BEGIN Data for the task

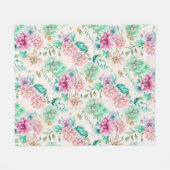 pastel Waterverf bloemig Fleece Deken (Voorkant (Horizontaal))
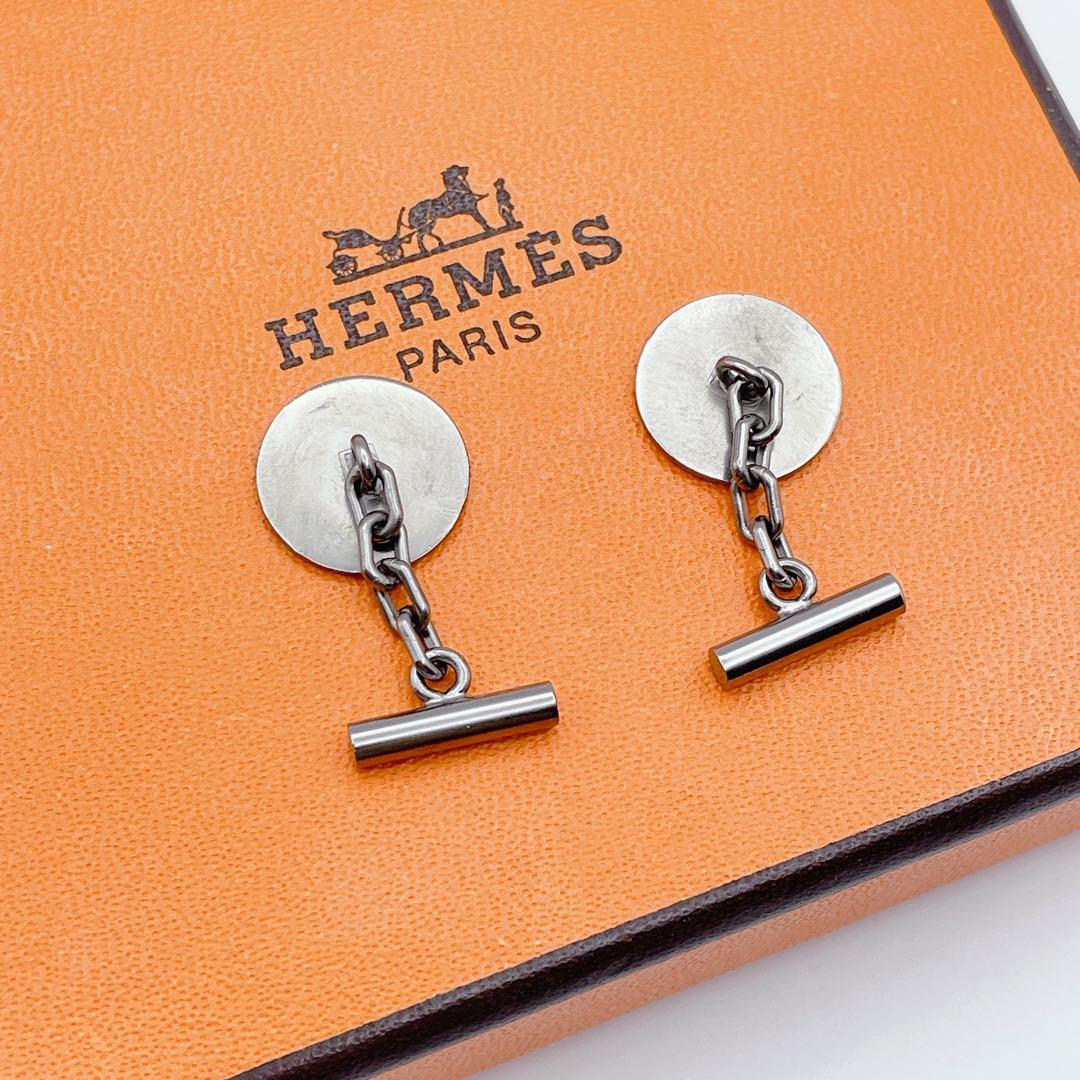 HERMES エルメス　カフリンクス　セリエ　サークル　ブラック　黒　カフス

END Data for the task
BEGIN Data for the task

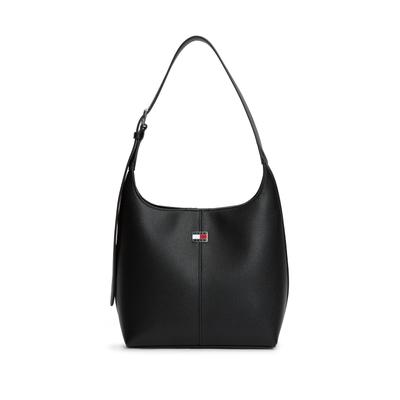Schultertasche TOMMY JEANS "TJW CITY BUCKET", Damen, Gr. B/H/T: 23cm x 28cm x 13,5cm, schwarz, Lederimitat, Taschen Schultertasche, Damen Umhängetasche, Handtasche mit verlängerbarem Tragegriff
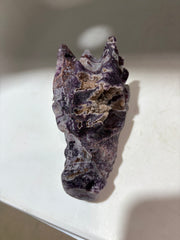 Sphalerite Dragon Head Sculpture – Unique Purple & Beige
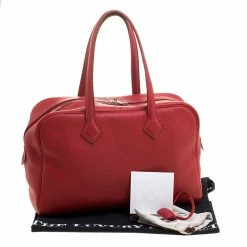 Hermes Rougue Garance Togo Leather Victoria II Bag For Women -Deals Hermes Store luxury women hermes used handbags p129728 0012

END Data for the task
BEGIN Data for the task

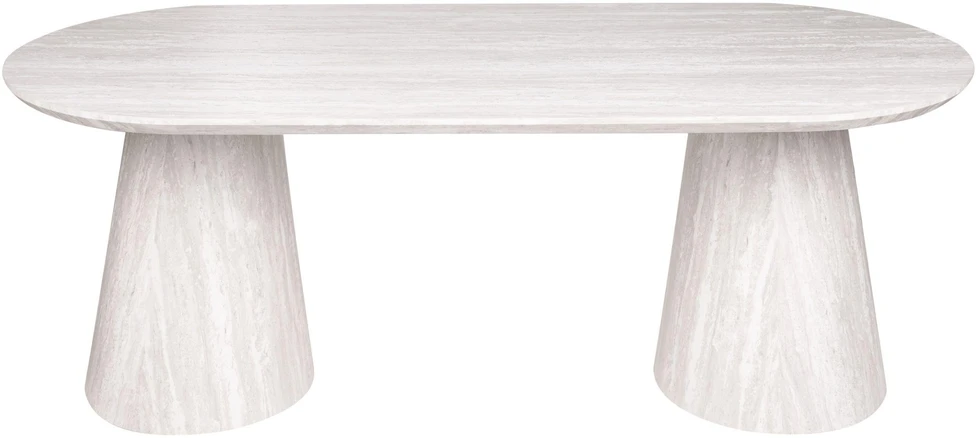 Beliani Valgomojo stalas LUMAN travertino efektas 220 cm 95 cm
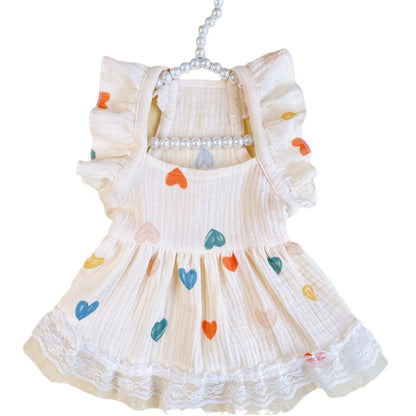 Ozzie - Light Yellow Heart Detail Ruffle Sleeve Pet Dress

END Data for the task

» **Exercise goal**
Copy the lines above exactly, starting with the line that contains "Schultertasche TOMMY JEANS" and ending with the line that contains "Hermes Rougue Garance", and leave out any pictures.

» **Task solution**
Schultertasche TOMMY JEANS "TJW CITY BUCKET", Damen, Gr. B/H/T: 23cm x 28cm x 13,5cm, schwarz, Lederimitat, Taschen Schultertasche, Damen Umhängetasche, Handtasche mit verlängerbarem Tragegriff
 Sphalerite Dragon Head Sculpture – Unique Purple & Beige
 Hermes Rougue Garance Togo Leather Victoria II Bag For Women -Deals Hermes Store luxury women hermes used handbags p129728 0012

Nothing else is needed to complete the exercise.